A published Bald Eagle research paper

One of the most important steps in a scientist's work is the sharing of research results with other scientists. Before the findings of any research can be accepted as "fact" and become an accepted part of scientific knowledge, they must first be discussed and reviewed by other scientists. This is a formal process. Scientists summarize their research in "scientific papers" and these papers are published in professional journals. This is how the body of scientific knowledge is built--and how it constantly changes as new research findings replace the old.

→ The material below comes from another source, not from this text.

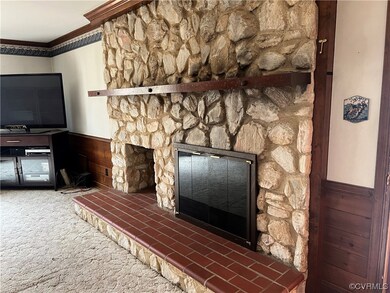 Details featuring a stone fireplace, carpet floori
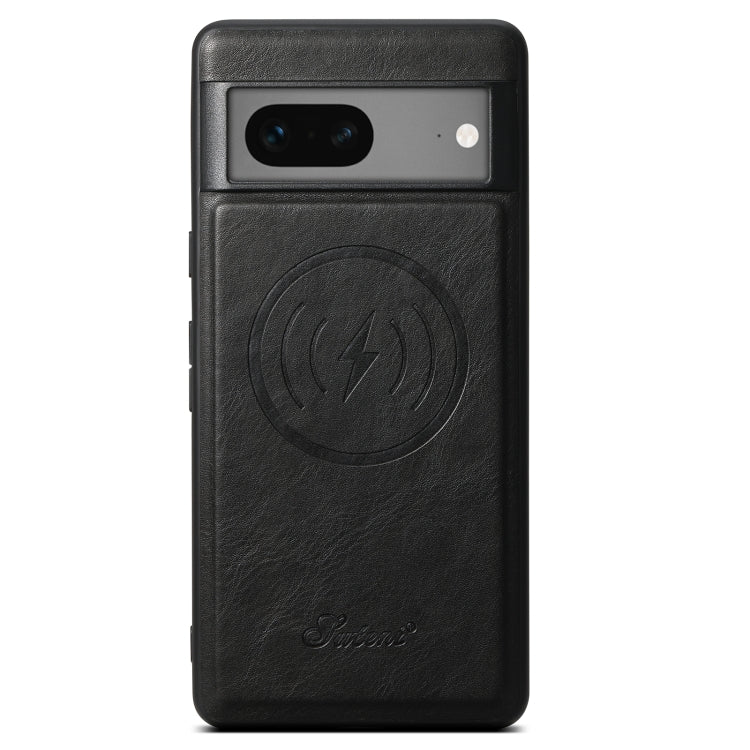 For Google Pixel 8 Suteni H15 Oil Eax Leather Detachable Wallet Back Phone Case(Black)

As a way to synthesize your students' learning this spring, have them write scientific papers based on the research they have reviewed or conducted. This activity is best used with one of the migrations tracked by satellite, since the on-line data collected is part of a real research project. However, some students may invent and test their own hypotheses about other migrations or spring events featured in Journey North.

Activity

1. As the satellite-tracked migrations begin, explain that these animals are being tracked by research scientists who are trying to answer specific questions about the animal they are studying.

2. Explain the importance of the scientific review process as described above. Introduce the format scientists use when writing a scientific paper. Distribute copies of the "Format of a Scientific Paper" handout. Discuss the contents of each section of the scientific paper.

3. As migration updates arrive, have students read them carefully and look for the kind of information and data that must be included in a scientific paper.

4. Challenge students to write their own scientific papers at the conclusion of the migration--just as our featured scientists are preparing to do!

Discussion

  1. What questions does the scientist have?
  2. How is he/she attempting to answer them?
  3. How are the data being collected?
  4. What does the scientist think about the data? Does he/she draw any conclusions?
  5. Is the research successful in answering the questions that were originally posed?